If you’ve got an impulse to outfit your mom for your wedding, Houston bride, Barbara Coolidge Tibbetts advises you to fight it. Hard. “Brides dress their bridesmaids. Mothers dress themselves,” Tibbetts says—and, as co-owner of Houston’s T. Carolyn Fashions and author of “I Want My Mother’s Dress to Match the Napkins: Funny Stories and Serious Advice for Looking Your Best at Your Child’s Wedding,” she ought to know.
If your mother, or your groom’s, has already started searching for the perfect MOB/MOG dress, she’s probably aware of T. Carolyn, which is among the nation’s tiny handful of boutiques dedicated to dressing wedding moms. In fact, proud mamas travel to T. Carolyn from all over Texas, the United States, even other parts of the globe, to get that picture-perfect dress. If your mom doesn’t know about the shop, she’ll thank you for pointing her in the right direction. And if you really, really want to help, instead of insisting on that seafoam pantsuit or mauve-ish mumu, just buy her the book (available at the store, too).

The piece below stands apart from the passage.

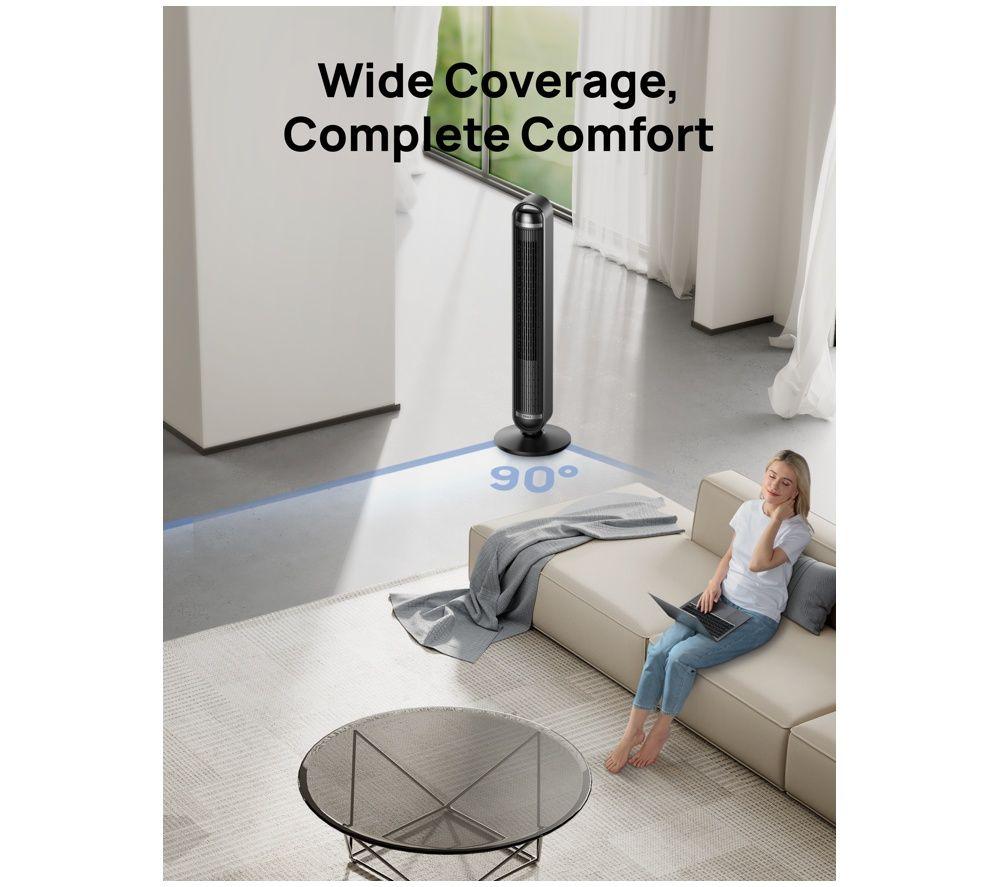 DREO Cruiser Pro T2 Smart Tower Fan - Black image number 4 of 5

She’ll love it (unlike the mumu).
In the meanwhile, here are some words of wedding-dressing wisdom from Tibbetts herself:
“The three most important things in a dress are color, color and color. Color can transform a woman from being ordinary to being beautiful. This is your second most photographed day after your own wedding. If you don’t wear your color, you’re not going to be happy with the pictures.”
“One thing I have a real beef with is women executives who come in here and turn into bowls of jelly in the presence of the bride. When shopping for a dress, mothers of the bride should first go into the store themselves and see what the options are. After you’ve done that and narrowed your choices, take your husband or the bride. It’s important not to get confused by too many opinions.”
“Dresses run anywhere from $200 to $2,000, and we sell lots in the high range and lots in the low range. To find the right dress, and something within your budget, start shopping early—six months in advance. That gives us time to order without a rush charge, and with plenty of time for alterations.”
“The mother-of-the-bride and mother-of-the-groom should coordinate with each other—if one goes long, the other should go long. But they should each wear their own color, although it’s not a sin to wear the same color if they both look best in that color.”